裴千羽第一次干这种偷鸡摸狗的事,既紧张又兴奋,“阿苓,我们会被抓起来的吧。”
这要是在国外可能已经吃枪子了。
姜苓站在栅栏下伸手随时接他,“没人看到。”
裴千羽没让他帮忙,自己安全落地,再一指黑暗中闪着光的东西,“那里有监控。”
姜苓扭头走了,“那你比个耶吧,大明星。
两人来到徐潜礼家的大门前,门是密码锁,姜苓问:“你知道怎么开吗?”
裴千羽摇头。
姜苓转身,“那砸窗户吧。”
裴千羽大惊,又不知道该怎么劝,追在他身后,“我们真的会被抓起来!”
姜苓找了离门最近的一个窗户,捏拳锤得玻璃窗砰砰响,“自己开门还是要我砸窗进去?”
窗户后是挡得很严实的深色窗帘。
裴千羽担心地看着,真怕姜苓就地找起趁手的石头,把窗户砸烂进去。
万幸他担心的事情没有发生,因为徐潜礼出现了。
深色窗帘被人猛地拉开,一个穿香槟色丝绸睡袍的年轻男人站在里面。

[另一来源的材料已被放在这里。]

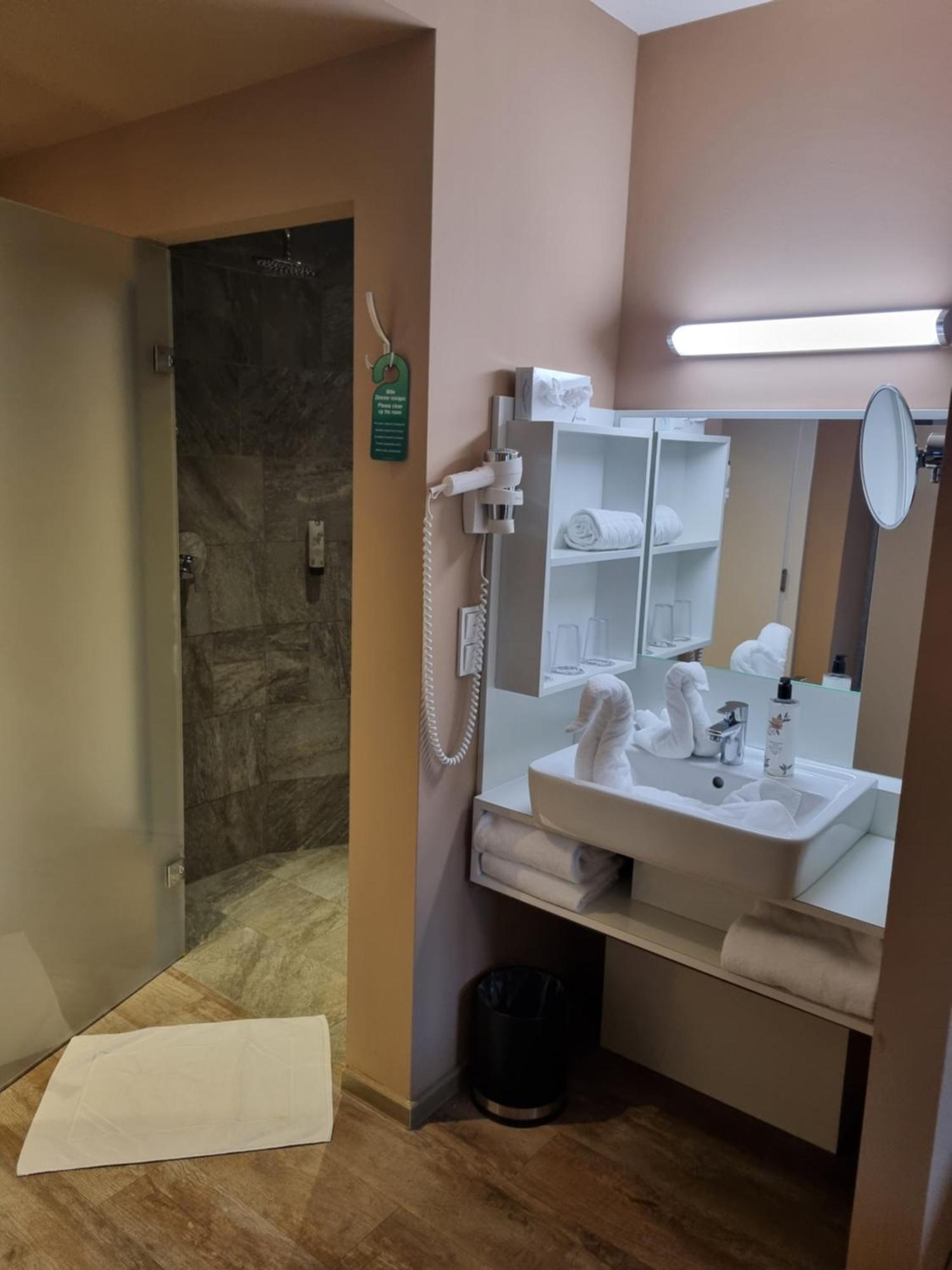 Cubo Sport & Art Hotel Sankt Johann in Tirol Luaran gambar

他的五官生得很端正,有一双桃花眼,不苟言笑的样子看上去非常冰冷,更不用说他此刻瞪姜苓的眼神仿佛要把他撕成两半。
姜苓对他笑了一下,拿出那面铜镜对着他照。
徐潜礼瞬间脸色铁青,转身走了。
姜苓把手里的黄铜镜交给裴千羽,“一会儿你可以看看。”
他刚说完正门方向就响起滴滴声。
裴千羽手捧黄铜镜还一脸茫然,眼前忽然黑影一闪。他把墨镜摘了望去,就见两个人打起来了。
太极拳给人的印象总是慢悠悠,好像只能强身健体。但事实上太极拳在实战中的速度并不慢,相反,它也可以非常迅捷。因为它的核心是劲,顺从阴阳变化之理,重视以柔克刚,要求以静制动,避实就虚,借力发力。
姜苓练的是姜家祖师爷姜望独创的六十四势,而且和其他太极拳不同,他们家的太极拳初衷就是用来对付厉鬼的,所以气势和杀伤力极大。
裴千羽的眼睛完全跟不上姜苓的动作,他唯一能看清的就是徐潜礼。他从来不知道徐潜礼也有些身手,就是在姜苓面前好像有些蚍蜉撼树了。不出十秒,姜苓已经把徐潜礼按在草地上,锁着他两条手臂。
徐潜礼脸贴草,气得两眼充血,拼命挣扎。但情况就跟在裴千羽梦里一样,姜苓手像铁打的,他不能挣脱。
“你是姜望的子孙?!”
姜苓没理他,抬起脸看向裴千羽,两眼放光,“要看看吗?”
裴千羽捧着铜镜走过来,在两人面前蹲下。
徐潜礼看到他突然冷静了,迅速把脸埋进草里。
姜苓分出一只手把他的脸拔出来,温柔地说:“别怕,他不喜欢你,我喜欢。”
裴千羽一怔,被他的语气和话刺痛了,突然心头火起,捏着铜镜难以置信:“你喜欢他?!你为什么喜欢他?!”
姜苓被他的反应吓一跳,哭笑不得地说:“他招财的,他是三足金蟾,虽然只有一半是。”
“那怎么了?!会招财你就喜欢?那你怎么不喜欢招财猫?”
姜苓呆呆地看着他,“不是,这是三足金蟾,活的,虽然只有一半,你明白三足金蟾是什么吗?”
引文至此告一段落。